Exercise brief :: Data follows below. Repeat exactly the lines between the line holding "Hudy Carbon Fibre" and the line holding "Oil painting", inclusive, and nothing more; drop pictures.

Data records ::
--------------------------------------------------

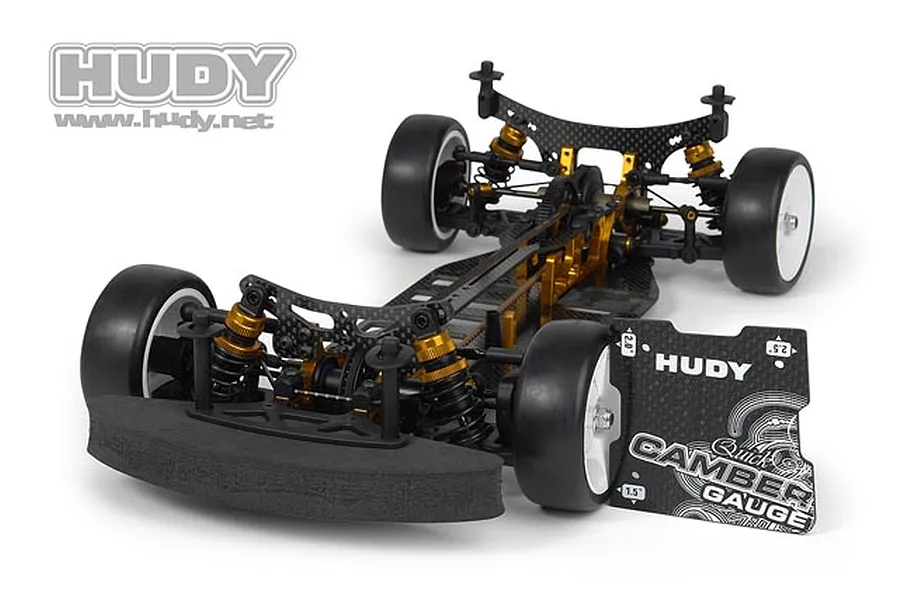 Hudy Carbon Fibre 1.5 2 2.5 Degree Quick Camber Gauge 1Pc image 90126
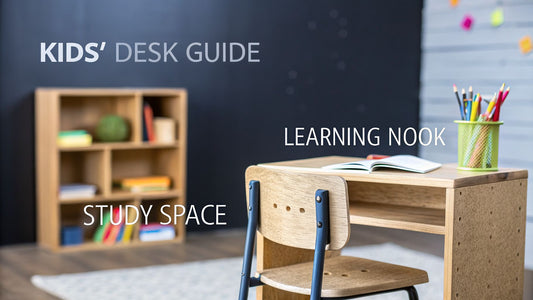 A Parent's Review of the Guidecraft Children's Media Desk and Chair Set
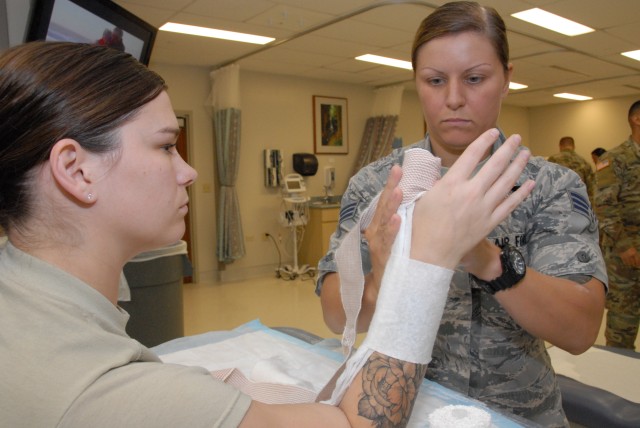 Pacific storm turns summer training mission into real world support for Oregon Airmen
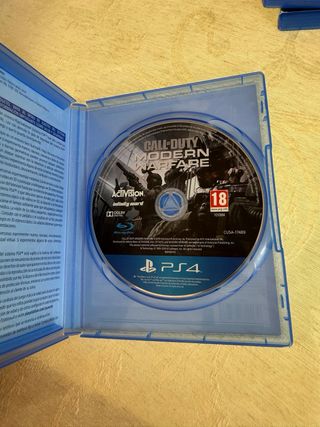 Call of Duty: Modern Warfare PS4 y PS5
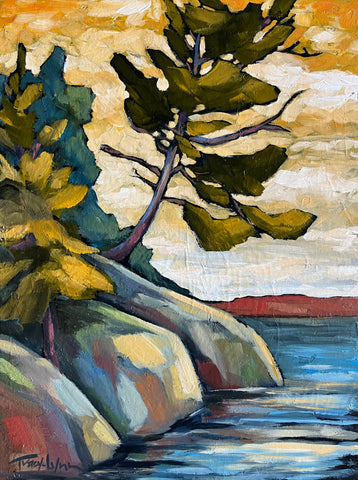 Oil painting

--------------------------------------------------

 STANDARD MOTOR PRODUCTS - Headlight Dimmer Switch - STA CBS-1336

--------------------------------------------------

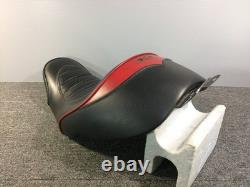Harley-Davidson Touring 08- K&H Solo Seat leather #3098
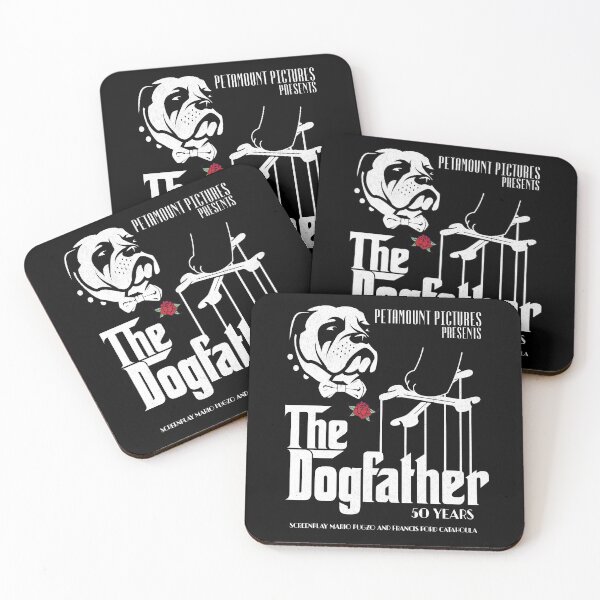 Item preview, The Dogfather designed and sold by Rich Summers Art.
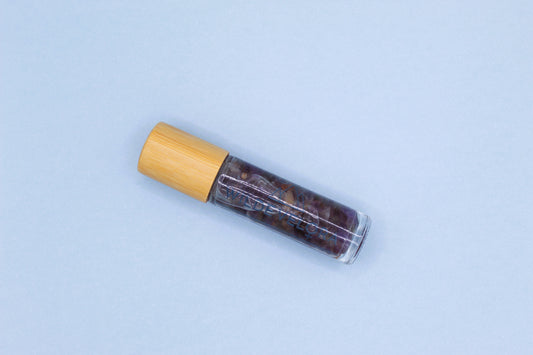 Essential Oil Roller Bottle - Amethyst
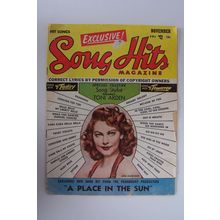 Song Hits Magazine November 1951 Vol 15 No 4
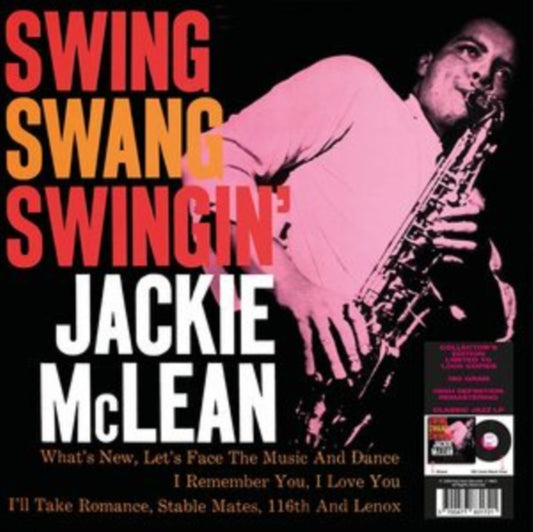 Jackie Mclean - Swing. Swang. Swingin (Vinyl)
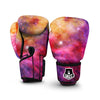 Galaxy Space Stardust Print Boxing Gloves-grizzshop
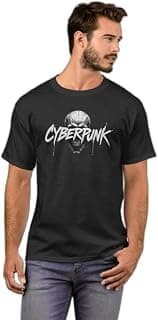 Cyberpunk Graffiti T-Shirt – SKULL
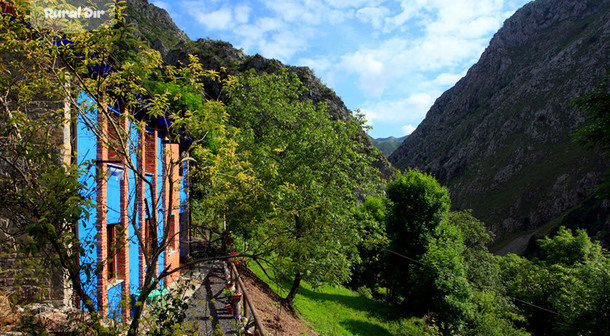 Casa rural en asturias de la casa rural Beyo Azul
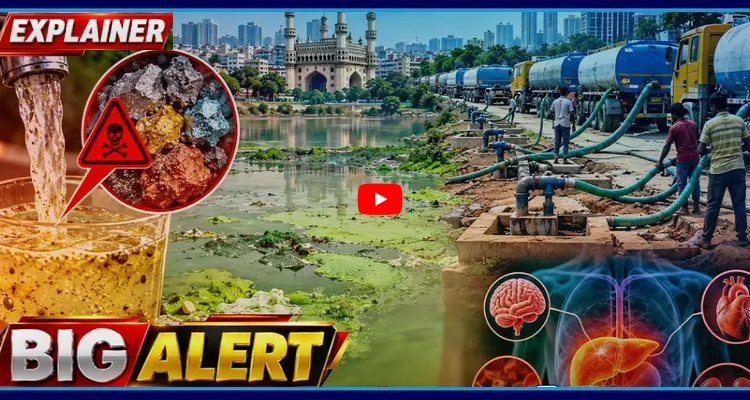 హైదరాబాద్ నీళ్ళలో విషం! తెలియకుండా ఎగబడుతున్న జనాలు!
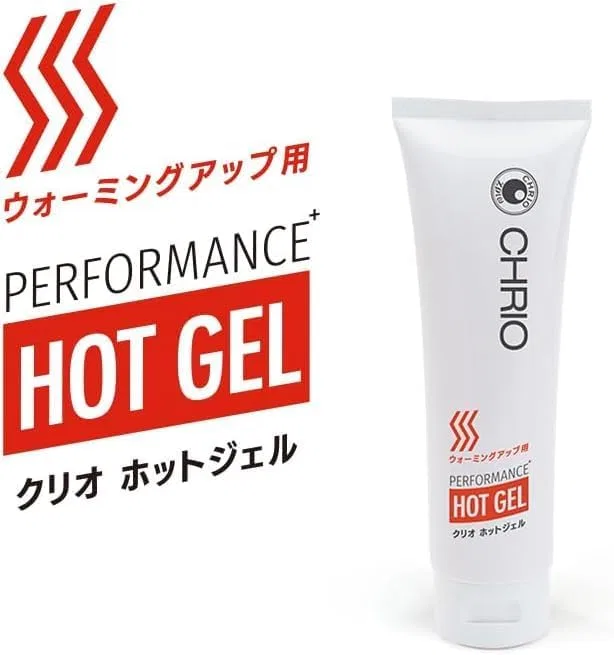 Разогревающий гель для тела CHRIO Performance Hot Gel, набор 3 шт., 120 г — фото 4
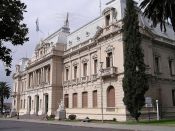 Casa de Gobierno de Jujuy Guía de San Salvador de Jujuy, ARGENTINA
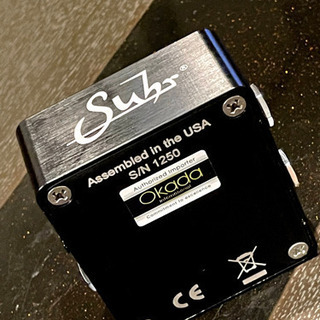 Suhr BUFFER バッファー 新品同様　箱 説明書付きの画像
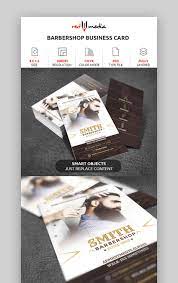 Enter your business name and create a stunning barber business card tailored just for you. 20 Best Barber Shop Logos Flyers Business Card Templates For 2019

--------------------------------------------------

Your solution ::
 Hudy Carbon Fibre 1.5 2 2.5 Degree Quick Camber Gauge 1Pc image 90126
 A Parent's Review of the Guidecraft Children's Media Desk and Chair Set
 Pacific storm turns summer training mission into real world support for Oregon Airmen
 Call of Duty: Modern Warfare PS4 y PS5
 Oil painting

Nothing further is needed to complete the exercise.